┌────────

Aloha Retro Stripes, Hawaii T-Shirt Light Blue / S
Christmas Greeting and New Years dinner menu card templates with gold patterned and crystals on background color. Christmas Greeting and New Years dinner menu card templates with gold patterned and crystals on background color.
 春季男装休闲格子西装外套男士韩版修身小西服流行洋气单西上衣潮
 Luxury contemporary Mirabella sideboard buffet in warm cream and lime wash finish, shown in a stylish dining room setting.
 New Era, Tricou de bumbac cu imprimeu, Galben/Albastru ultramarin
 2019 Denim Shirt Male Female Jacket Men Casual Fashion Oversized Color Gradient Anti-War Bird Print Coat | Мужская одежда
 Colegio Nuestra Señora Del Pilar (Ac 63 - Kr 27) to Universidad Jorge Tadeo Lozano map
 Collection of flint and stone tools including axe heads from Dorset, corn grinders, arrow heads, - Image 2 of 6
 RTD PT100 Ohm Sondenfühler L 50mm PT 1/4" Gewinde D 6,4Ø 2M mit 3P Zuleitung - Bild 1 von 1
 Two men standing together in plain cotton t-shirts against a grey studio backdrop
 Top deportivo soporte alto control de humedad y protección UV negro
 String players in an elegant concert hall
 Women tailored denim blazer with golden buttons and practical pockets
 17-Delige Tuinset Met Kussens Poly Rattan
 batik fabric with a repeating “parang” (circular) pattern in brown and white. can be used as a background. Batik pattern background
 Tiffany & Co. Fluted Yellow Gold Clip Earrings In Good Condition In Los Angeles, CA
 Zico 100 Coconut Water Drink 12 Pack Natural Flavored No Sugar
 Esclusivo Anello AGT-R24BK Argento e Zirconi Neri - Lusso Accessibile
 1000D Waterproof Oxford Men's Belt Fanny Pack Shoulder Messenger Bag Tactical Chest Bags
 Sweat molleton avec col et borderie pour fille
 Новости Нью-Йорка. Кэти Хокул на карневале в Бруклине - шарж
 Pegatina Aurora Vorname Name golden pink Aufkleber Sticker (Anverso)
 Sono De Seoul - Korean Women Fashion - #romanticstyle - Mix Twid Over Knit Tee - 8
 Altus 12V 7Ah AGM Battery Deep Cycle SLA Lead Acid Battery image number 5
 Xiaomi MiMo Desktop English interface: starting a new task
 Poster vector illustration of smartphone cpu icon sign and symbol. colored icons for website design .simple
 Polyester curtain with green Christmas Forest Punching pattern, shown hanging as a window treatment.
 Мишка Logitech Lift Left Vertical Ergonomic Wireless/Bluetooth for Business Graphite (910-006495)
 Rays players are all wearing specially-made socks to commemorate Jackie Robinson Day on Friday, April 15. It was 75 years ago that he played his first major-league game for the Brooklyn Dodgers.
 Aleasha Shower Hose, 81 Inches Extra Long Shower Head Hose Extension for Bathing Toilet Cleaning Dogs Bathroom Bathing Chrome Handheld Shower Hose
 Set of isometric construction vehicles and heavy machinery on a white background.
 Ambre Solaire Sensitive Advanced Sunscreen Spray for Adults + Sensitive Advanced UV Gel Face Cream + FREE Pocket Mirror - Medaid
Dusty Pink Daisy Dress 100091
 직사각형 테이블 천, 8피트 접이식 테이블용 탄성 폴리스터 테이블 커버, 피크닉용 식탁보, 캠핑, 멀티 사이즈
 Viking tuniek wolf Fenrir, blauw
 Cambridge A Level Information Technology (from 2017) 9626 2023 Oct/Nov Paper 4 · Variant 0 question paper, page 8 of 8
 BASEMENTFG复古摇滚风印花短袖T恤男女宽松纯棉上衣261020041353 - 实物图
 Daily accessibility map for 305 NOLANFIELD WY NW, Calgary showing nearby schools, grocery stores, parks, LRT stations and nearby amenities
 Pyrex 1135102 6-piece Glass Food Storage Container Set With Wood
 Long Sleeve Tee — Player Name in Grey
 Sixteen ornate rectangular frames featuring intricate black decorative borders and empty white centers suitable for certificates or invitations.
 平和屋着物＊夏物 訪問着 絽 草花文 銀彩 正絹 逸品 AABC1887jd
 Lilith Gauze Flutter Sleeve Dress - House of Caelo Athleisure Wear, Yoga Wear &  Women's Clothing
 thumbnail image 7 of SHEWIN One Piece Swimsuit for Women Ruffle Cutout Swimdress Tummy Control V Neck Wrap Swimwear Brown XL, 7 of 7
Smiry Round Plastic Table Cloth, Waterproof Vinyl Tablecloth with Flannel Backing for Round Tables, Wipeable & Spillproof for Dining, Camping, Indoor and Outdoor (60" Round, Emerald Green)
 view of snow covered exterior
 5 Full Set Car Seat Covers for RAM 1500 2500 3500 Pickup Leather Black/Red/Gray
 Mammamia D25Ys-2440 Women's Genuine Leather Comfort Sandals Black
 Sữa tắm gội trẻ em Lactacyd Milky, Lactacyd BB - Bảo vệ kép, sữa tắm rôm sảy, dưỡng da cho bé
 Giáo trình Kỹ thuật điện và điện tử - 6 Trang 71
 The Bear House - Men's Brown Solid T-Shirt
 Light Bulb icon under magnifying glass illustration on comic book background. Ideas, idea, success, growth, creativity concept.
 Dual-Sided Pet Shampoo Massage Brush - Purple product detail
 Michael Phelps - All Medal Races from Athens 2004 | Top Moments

└────────

The line above containing "1000D Waterproof Oxford", the line containing "Pegatina Aurora Vorname", and every line between them are to be transcribed exactly; no other line is wanted.

> **Output for this task**
 1000D Waterproof Oxford Men's Belt Fanny Pack Shoulder Messenger Bag Tactical Chest Bags
 Sweat molleton avec col et borderie pour fille
 Новости Нью-Йорка. Кэти Хокул на карневале в Бруклине - шарж
 Pegatina Aurora Vorname Name golden pink Aufkleber Sticker (Anverso)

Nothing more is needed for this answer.